PostScript and PDF tools under Gnu/Linux

Introduction

PostScript and its cousins are page description formats, which handle scaling of fonts and vector graphics with ease, and are far superior to pixelated formats (GIF, TIFF etc.) for most quality printing and publishing jobs. PostScript (and its relatives) are output options for both word processing and graphics applications.
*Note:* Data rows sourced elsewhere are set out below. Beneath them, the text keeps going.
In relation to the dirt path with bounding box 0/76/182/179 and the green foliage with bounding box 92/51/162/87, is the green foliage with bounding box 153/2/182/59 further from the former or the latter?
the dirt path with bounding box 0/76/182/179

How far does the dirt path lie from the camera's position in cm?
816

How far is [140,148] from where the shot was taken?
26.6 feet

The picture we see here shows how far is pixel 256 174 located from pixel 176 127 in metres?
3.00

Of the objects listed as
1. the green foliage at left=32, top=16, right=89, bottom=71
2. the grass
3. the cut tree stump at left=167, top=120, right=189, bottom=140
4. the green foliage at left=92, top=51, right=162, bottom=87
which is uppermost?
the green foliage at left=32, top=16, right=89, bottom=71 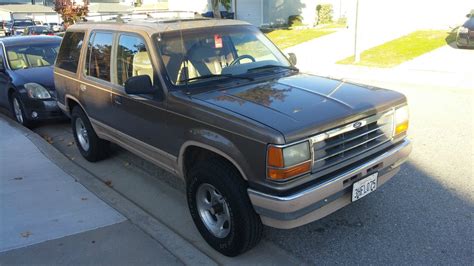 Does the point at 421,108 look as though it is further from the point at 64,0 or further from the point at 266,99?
the point at 64,0

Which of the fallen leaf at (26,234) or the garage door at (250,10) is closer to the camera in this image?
the fallen leaf at (26,234)

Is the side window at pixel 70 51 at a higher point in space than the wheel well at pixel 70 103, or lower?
higher

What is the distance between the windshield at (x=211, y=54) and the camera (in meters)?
3.93

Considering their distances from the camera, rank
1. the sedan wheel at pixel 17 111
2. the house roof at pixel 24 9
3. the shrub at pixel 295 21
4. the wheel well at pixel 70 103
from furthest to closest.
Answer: the house roof at pixel 24 9 → the shrub at pixel 295 21 → the sedan wheel at pixel 17 111 → the wheel well at pixel 70 103

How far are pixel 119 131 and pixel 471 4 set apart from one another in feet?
69.1

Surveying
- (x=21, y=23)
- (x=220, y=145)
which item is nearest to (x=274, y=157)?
(x=220, y=145)

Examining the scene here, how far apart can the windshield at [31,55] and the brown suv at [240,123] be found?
4096mm

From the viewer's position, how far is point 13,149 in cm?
617

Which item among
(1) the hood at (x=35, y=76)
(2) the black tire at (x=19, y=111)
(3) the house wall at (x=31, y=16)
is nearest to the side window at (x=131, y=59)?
(1) the hood at (x=35, y=76)

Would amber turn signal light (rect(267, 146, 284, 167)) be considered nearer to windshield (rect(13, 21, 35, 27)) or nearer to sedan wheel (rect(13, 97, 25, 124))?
sedan wheel (rect(13, 97, 25, 124))

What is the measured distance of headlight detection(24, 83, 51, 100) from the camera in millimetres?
7399

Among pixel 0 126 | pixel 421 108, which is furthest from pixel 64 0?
pixel 421 108

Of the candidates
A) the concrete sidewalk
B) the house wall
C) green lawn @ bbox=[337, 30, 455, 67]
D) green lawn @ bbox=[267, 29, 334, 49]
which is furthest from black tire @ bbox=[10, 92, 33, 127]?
the house wall

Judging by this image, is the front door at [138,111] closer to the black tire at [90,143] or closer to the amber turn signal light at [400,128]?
the black tire at [90,143] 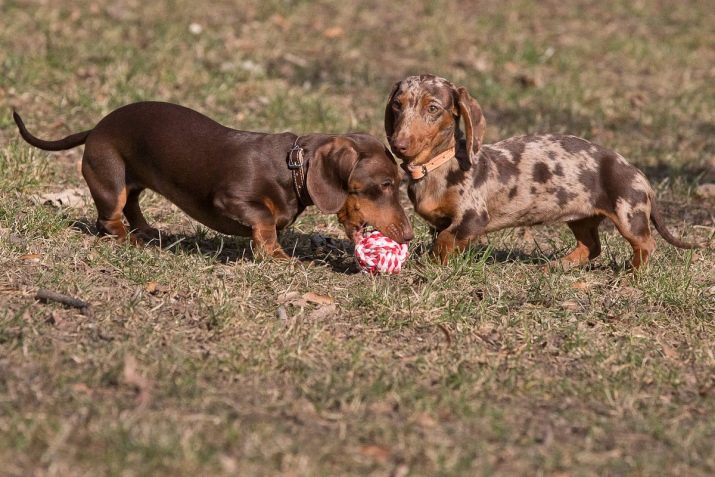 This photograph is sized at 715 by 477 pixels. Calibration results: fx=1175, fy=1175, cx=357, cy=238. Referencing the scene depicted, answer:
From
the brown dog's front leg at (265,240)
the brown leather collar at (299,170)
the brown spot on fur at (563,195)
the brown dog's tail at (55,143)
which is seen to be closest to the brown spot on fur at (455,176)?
the brown spot on fur at (563,195)

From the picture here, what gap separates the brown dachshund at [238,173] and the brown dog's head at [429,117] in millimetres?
140

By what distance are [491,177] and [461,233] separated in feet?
1.21

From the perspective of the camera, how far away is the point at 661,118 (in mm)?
9898

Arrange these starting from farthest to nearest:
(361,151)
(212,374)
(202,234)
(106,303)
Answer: (202,234)
(361,151)
(106,303)
(212,374)

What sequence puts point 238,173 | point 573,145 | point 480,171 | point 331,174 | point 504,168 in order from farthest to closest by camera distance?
point 573,145
point 504,168
point 480,171
point 238,173
point 331,174

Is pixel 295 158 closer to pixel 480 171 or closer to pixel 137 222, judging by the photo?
pixel 480 171

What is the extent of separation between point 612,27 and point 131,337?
874cm

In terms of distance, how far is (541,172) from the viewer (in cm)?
628

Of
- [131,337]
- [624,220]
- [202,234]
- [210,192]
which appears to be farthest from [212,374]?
[624,220]

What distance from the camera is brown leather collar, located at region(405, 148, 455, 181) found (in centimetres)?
604

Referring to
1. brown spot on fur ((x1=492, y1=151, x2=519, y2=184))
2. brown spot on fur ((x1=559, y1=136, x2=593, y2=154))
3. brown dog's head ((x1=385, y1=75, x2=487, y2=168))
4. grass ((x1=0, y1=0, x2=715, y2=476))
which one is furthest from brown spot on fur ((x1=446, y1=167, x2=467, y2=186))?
brown spot on fur ((x1=559, y1=136, x2=593, y2=154))

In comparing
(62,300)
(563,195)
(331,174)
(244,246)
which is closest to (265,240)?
(331,174)

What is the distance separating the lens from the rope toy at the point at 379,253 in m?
5.80

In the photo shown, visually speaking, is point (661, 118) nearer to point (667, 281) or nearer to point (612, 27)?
point (612, 27) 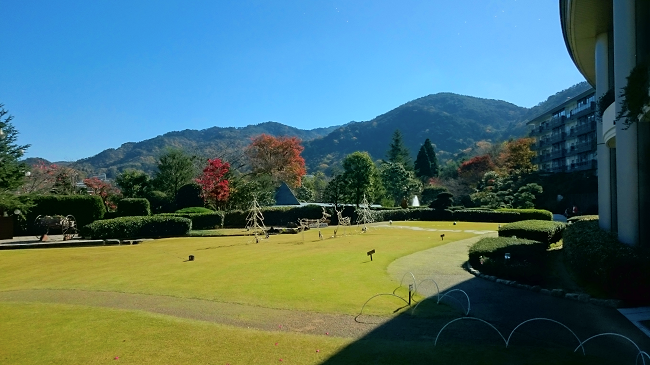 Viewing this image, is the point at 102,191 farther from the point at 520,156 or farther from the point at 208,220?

There are three closely-related formats, often distinguished by characteristic file extensions:

The three formats are distinct, so it is best to understand and respect the differences, and to use the right format for the job. Nevertheless, sometimes transforming between formats is forced on you by circumstances; and anyway, the close family relationship makes transformations feasible. This is the topic of the remainder of this page.

Principal utilities

Central to all PostScript and PDF manipulations is the program GhostScript. This interprets files in any of these formats, and it can then output the document or image after applying various operations: rotation, scaling, cropping, and rasterization. GhostScript is rather user-hostile. Fortunately there are various less hostile wrapper programs, which shield users from GhostScript. The most important one is

gv
displays ps, eps or pdf files
display
displays, manipulates and converts image files

Gnome and KDE have their own variants of gv.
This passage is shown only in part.